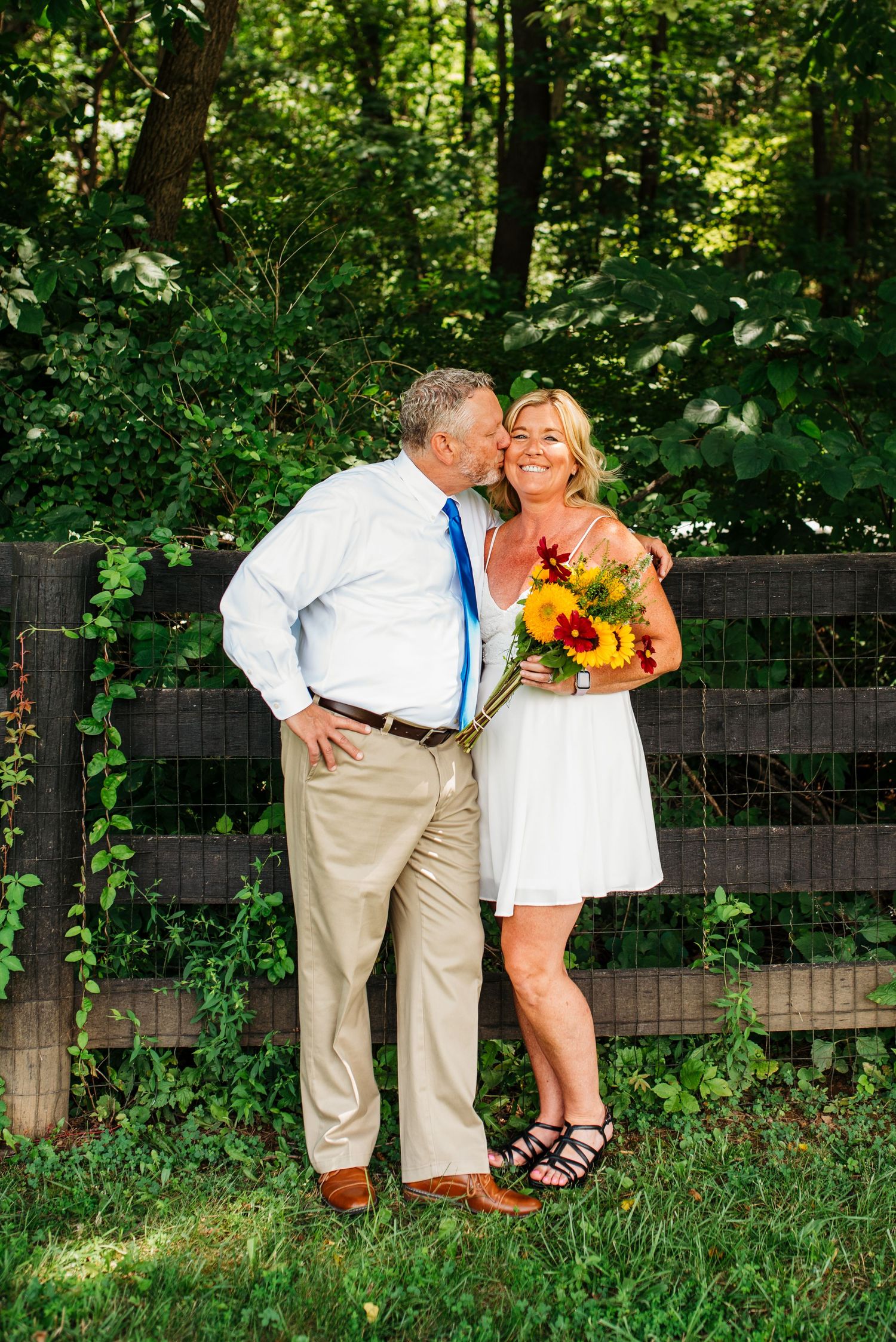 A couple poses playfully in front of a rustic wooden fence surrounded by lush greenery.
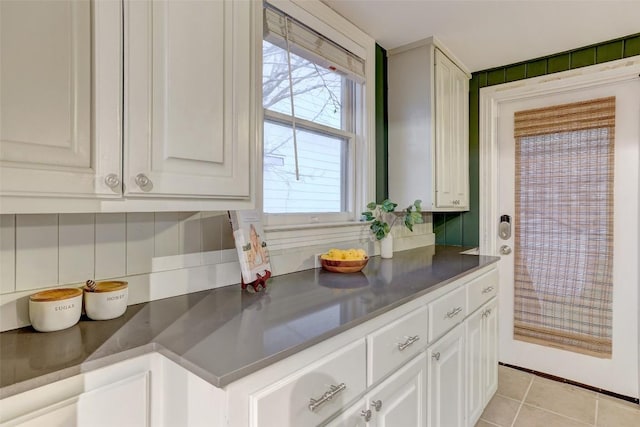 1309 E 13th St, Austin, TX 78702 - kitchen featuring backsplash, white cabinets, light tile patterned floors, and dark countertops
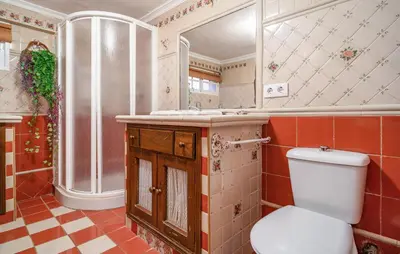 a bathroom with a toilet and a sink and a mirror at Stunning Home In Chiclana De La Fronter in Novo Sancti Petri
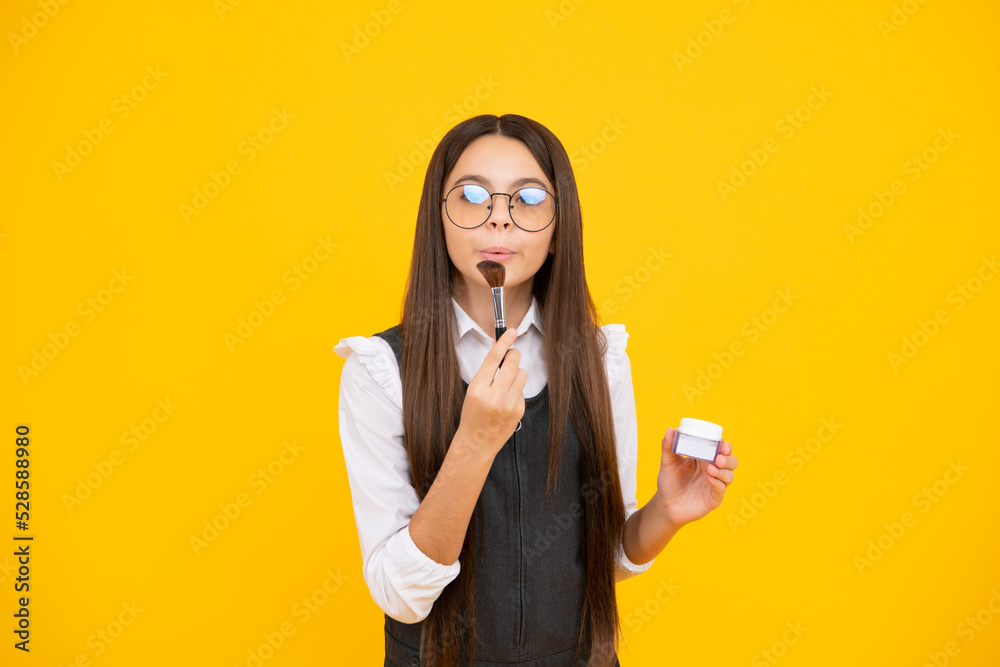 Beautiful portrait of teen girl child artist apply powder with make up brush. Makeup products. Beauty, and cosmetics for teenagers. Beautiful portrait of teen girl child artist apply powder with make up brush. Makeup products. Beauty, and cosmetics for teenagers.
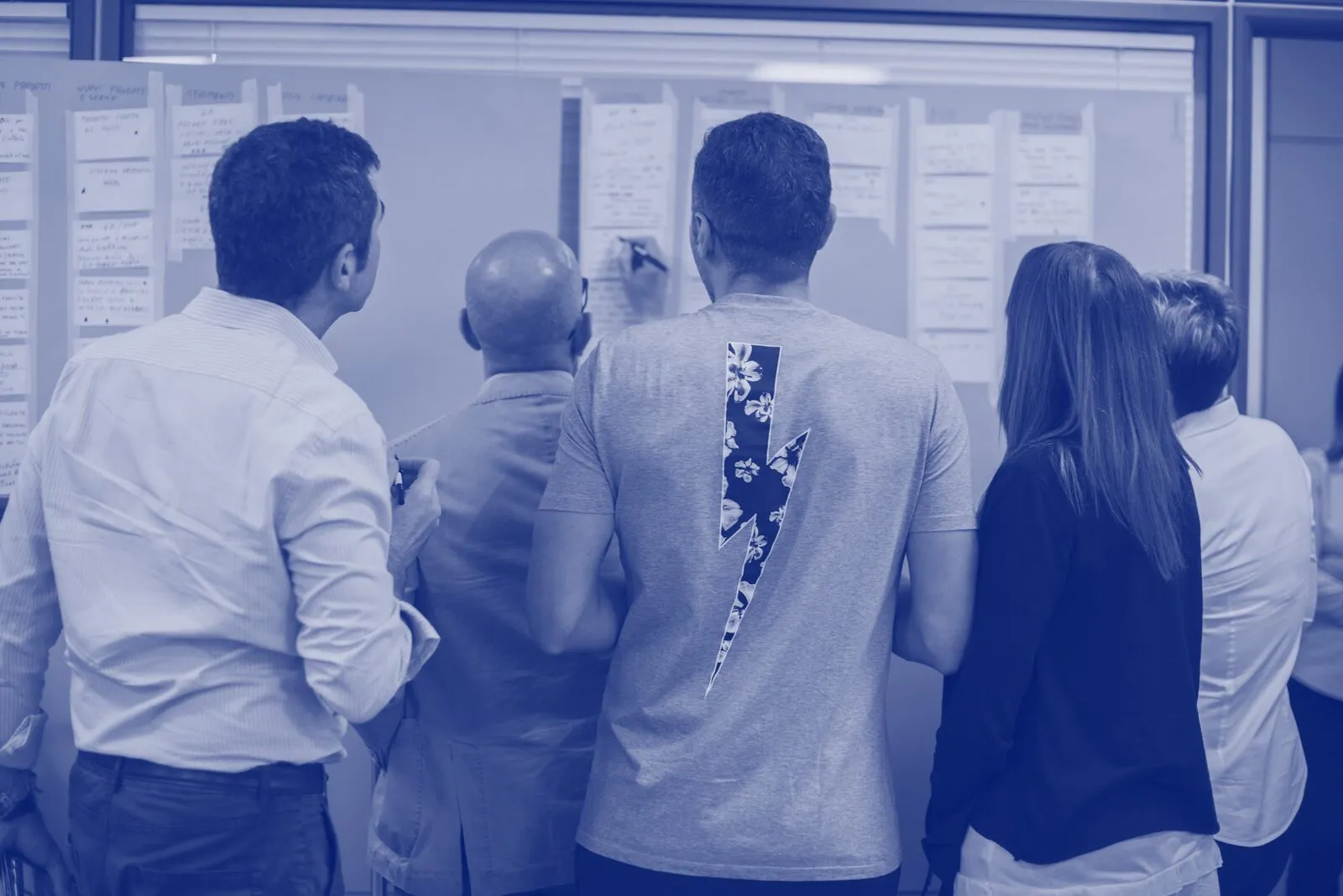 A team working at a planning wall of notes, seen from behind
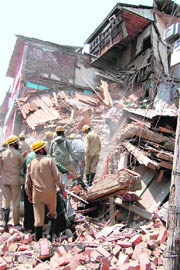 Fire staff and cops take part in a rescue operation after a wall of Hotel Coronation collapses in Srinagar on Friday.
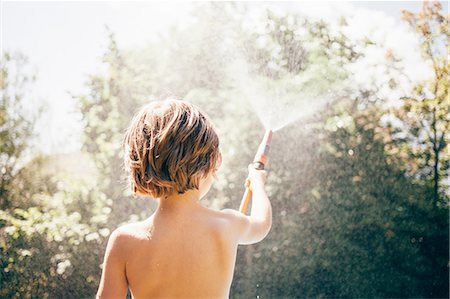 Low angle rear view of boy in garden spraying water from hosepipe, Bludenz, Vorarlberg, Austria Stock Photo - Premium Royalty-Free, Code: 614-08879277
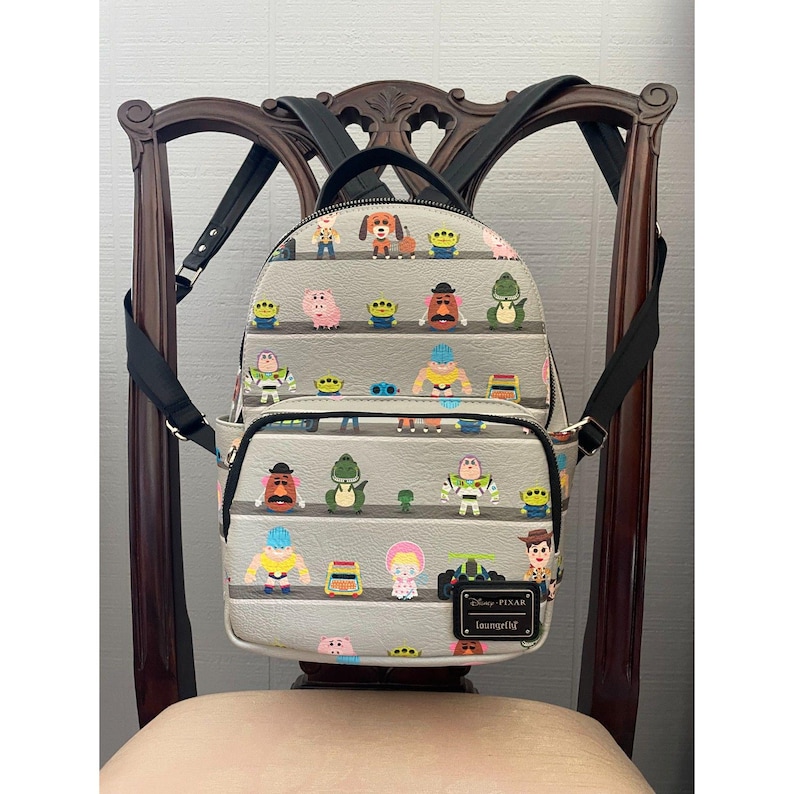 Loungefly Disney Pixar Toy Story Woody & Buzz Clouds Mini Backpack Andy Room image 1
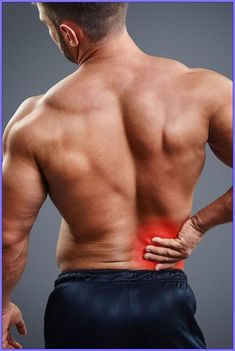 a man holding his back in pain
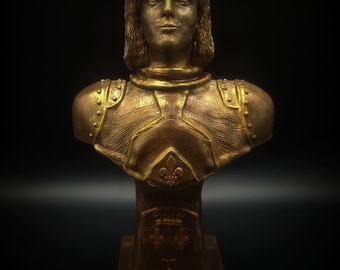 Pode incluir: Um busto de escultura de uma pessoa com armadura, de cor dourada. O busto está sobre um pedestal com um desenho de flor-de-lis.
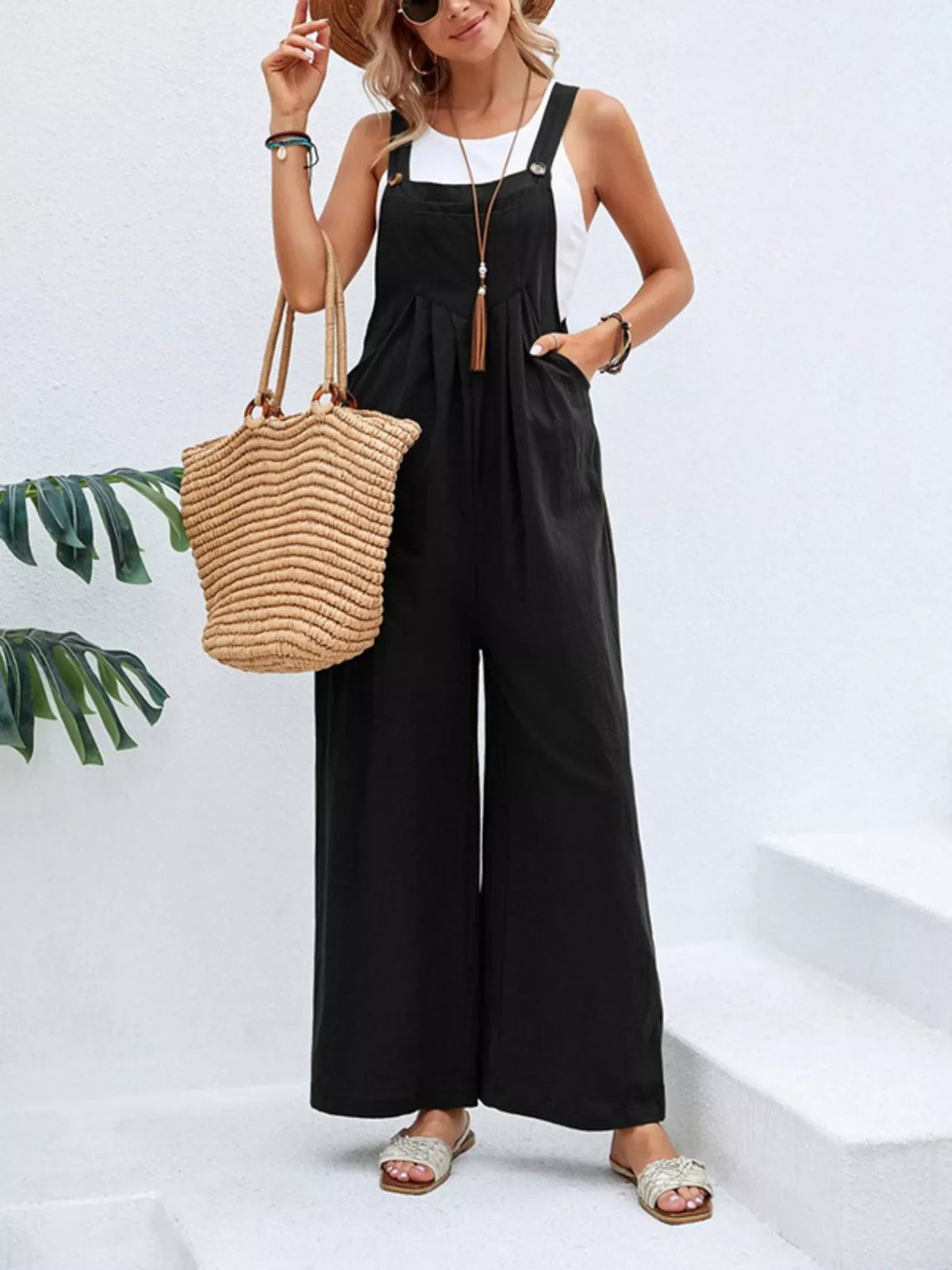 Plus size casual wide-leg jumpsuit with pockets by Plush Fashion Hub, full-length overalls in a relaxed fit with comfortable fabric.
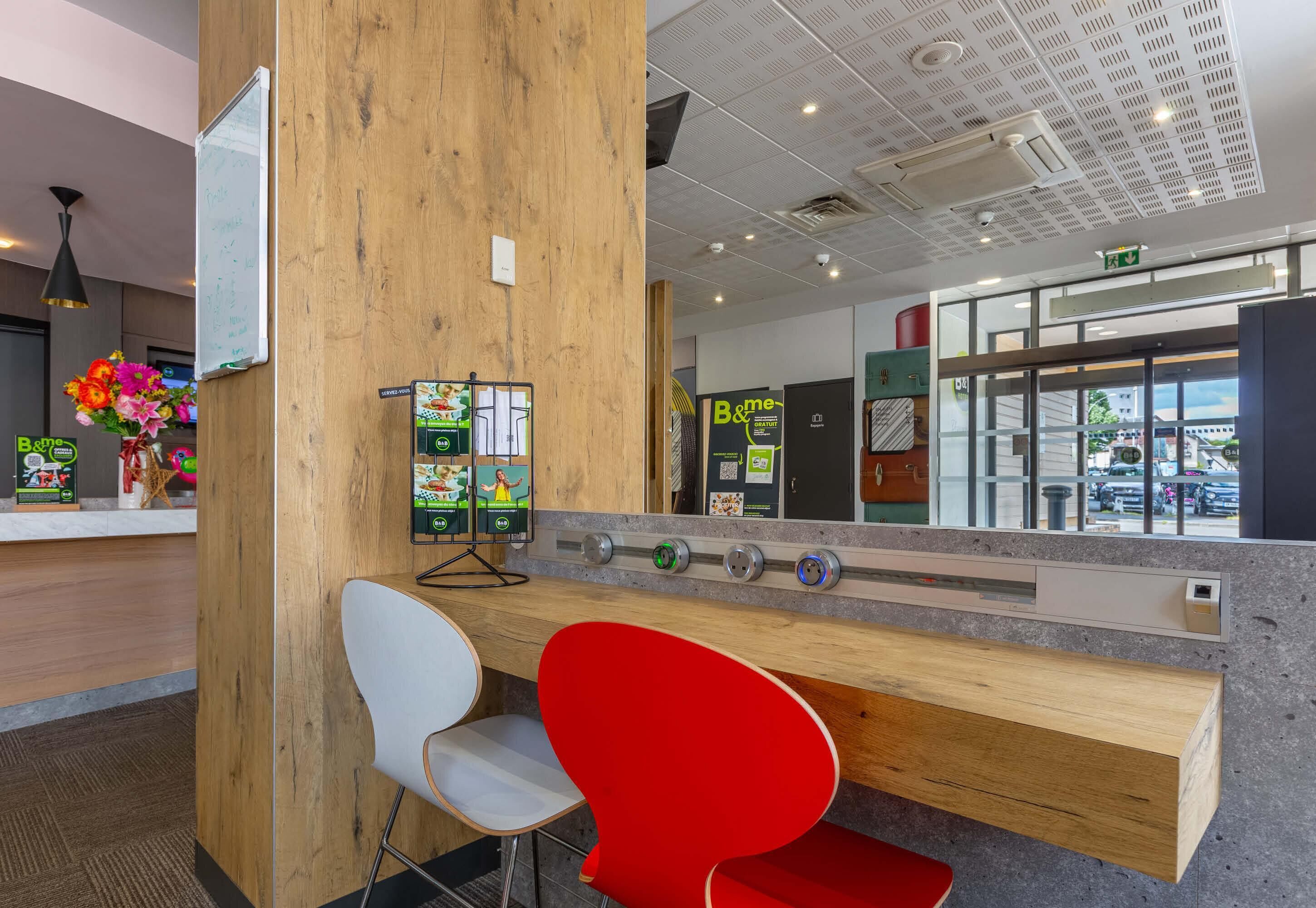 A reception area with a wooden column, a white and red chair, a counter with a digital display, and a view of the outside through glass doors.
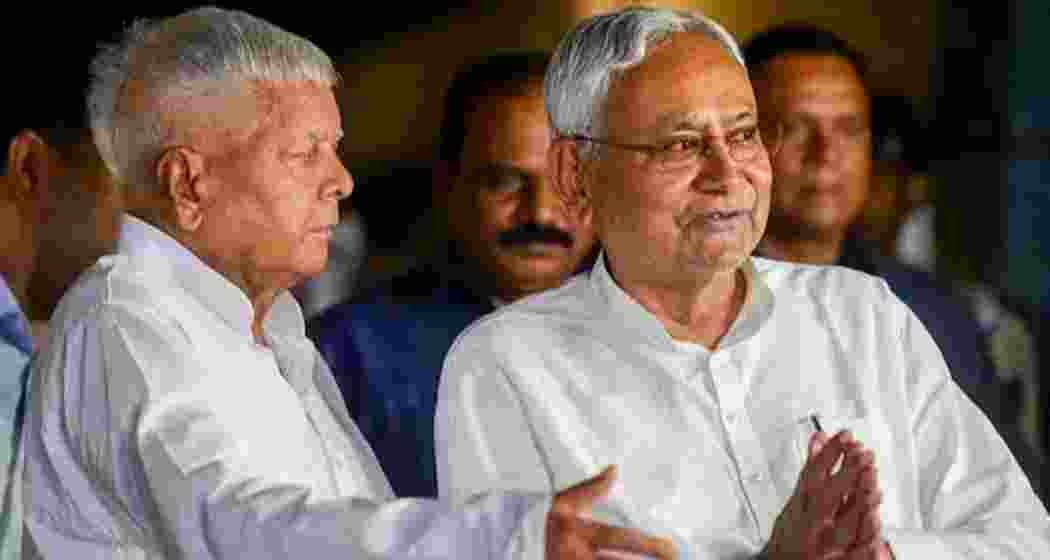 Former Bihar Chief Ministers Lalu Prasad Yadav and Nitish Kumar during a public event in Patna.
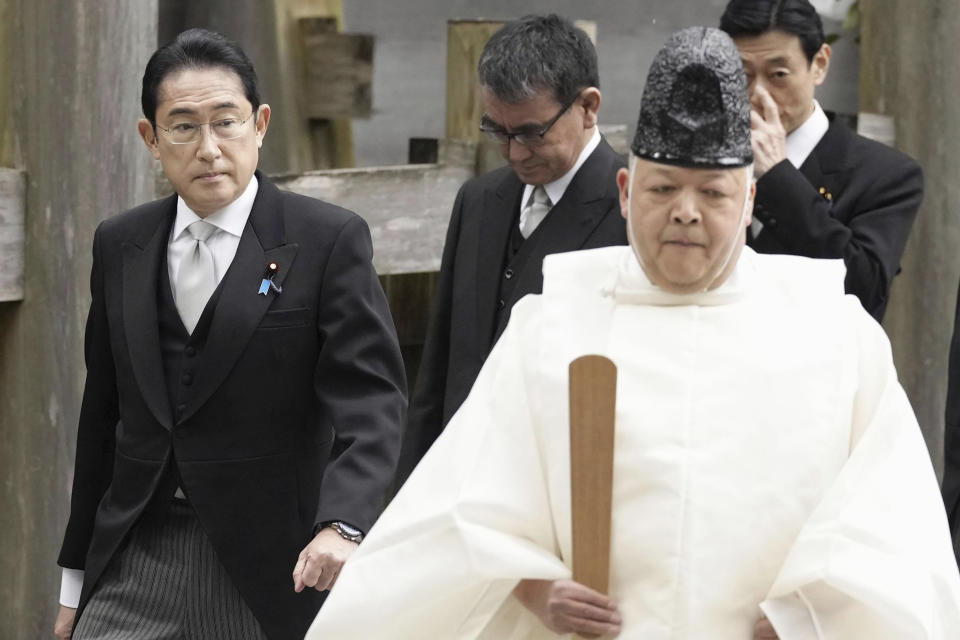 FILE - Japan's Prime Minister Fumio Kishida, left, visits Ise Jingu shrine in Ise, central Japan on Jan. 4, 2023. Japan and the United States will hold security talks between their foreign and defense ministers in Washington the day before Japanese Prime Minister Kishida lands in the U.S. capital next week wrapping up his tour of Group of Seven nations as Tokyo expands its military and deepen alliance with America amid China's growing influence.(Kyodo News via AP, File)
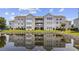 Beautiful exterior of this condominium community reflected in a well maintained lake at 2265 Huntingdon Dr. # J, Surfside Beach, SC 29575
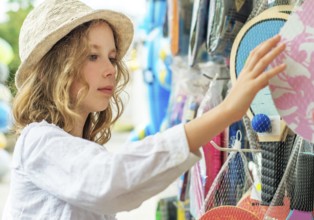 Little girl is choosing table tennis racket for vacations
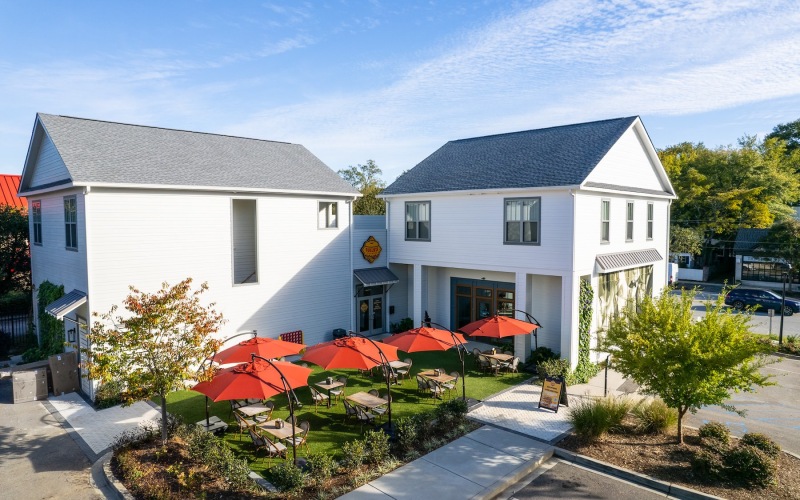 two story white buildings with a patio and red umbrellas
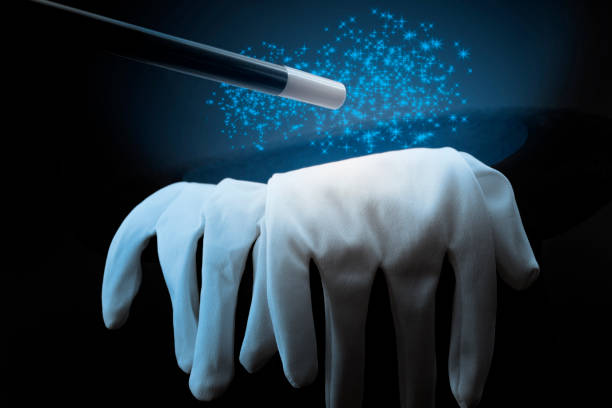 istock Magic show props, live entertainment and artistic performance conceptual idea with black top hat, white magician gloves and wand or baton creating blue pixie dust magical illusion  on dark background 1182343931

───

> **REQUIRED WORK**:
Every entry, exactly as written: transcribe it, passing over any pictures.

> **SOLUTION**:
 A couple poses playfully in front of a rustic wooden fence surrounded by lush greenery.
 1309 E 13th St, Austin, TX 78702 - kitchen featuring backsplash, white cabinets, light tile patterned floors, and dark countertops
 a bathroom with a toilet and a sink and a mirror at Stunning Home In Chiclana De La Fronter in Novo Sancti Petri
 Beautiful portrait of teen girl child artist apply powder with make up brush. Makeup products. Beauty, and cosmetics for teenagers. Beautiful portrait of teen girl child artist apply powder with make up brush. Makeup products. Beauty, and cosmetics for teenagers.
 A team working at a planning wall of notes, seen from behind
 Fire staff and cops take part in a rescue operation after a wall of Hotel Coronation collapses in Srinagar on Friday.
 Low angle rear view of boy in garden spraying water from hosepipe, Bludenz, Vorarlberg, Austria Stock Photo - Premium Royalty-Free, Code: 614-08879277
 Loungefly Disney Pixar Toy Story Woody & Buzz Clouds Mini Backpack Andy Room image 1
 a man holding his back in pain
 Pode incluir: Um busto de escultura de uma pessoa com armadura, de cor dourada. O busto está sobre um pedestal com um desenho de flor-de-lis.
 Plus size casual wide-leg jumpsuit with pockets by Plush Fashion Hub, full-length overalls in a relaxed fit with comfortable fabric.
 A reception area with a wooden column, a white and red chair, a counter with a digital display, and a view of the outside through glass doors.
 Former Bihar Chief Ministers Lalu Prasad Yadav and Nitish Kumar during a public event in Patna.
 FILE - Japan's Prime Minister Fumio Kishida, left, visits Ise Jingu shrine in Ise, central Japan on Jan. 4, 2023. Japan and the United States will hold security talks between their foreign and defense ministers in Washington the day before Japanese Prime Minister Kishida lands in the U.S. capital next week wrapping up his tour of Group of Seven nations as Tokyo expands its military and deepen alliance with America amid China's growing influence.(Kyodo News via AP, File)
 Beautiful exterior of this condominium community reflected in a well maintained lake at 2265 Huntingdon Dr. # J, Surfside Beach, SC 29575
 Little girl is choosing table tennis racket for vacations
 two story white buildings with a patio and red umbrellas
 istock Magic show props, live entertainment and artistic performance conceptual idea with black top hat, white magician gloves and wand or baton creating blue pixie dust magical illusion  on dark background 1182343931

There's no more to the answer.